With half-slice boats becoming more popular, beginners are often choosing these kayaks because they are better for learning skills such as edge control and they remain a fun choice as kayakers progress to expert-level kayaking.
Kayaks like the Pyranha Ripper, Dagger Rewind, and Liquid Logic Party Braaap are loved by experts and beginners alike as they offer a great combination of features to make paddling fun without making it too difficult.
While a little smaller, the Jackson Antix also fits the bill and is a great choice for an enthusiastic beginner.
While playboats aren’t a good choice for most people, those who are willing to be patient and fall a lot before they succeed are rewarded with strong technical skills.
CKS Online’s Top Choice(s)
For shallow rivers and creeks, the soft edges of the Braaap are a little more forgiving, and while the Rewind is slightly wider and more stable than the Ripper, the narrower hull of the Ripper makes it one of the best all around kayaks and great for building skills.
The Jackson Antix is another popular choice for motivated beginners and while it is a little shorter than the rest, the playful design is extremely fun as you progress from a beginner to intermediate paddler.

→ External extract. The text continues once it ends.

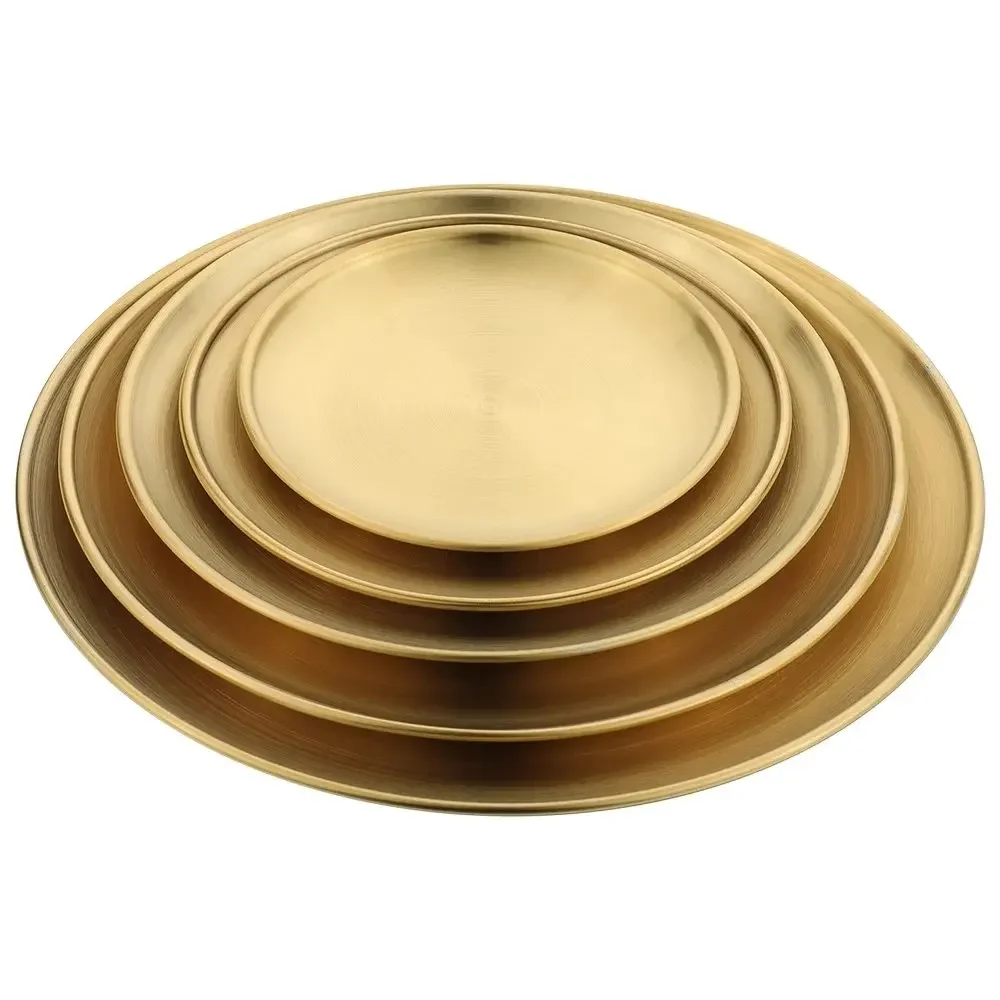 4Pcs Stainless Steel Bone Spitting Dish Gold Silver Shallow Tray Round Plate Metal Dining Disc Dessert Tableware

Jackson Kayaks are also infamously easy to roll, and the Antix is no exception.
What else do I need to start kayaking?
Paddlers often refer to the 5 essentials
These 5 pieces of gear are the minimum you need to get out on the river.
Finally, we always recommend getting float bags to go in the back of your boat - if you take a swim out of your kayak, this will keep your kayak floating. Float bags also make rescuing your boat easier and will help keep if from being damaged by rocks on the bottom of the river.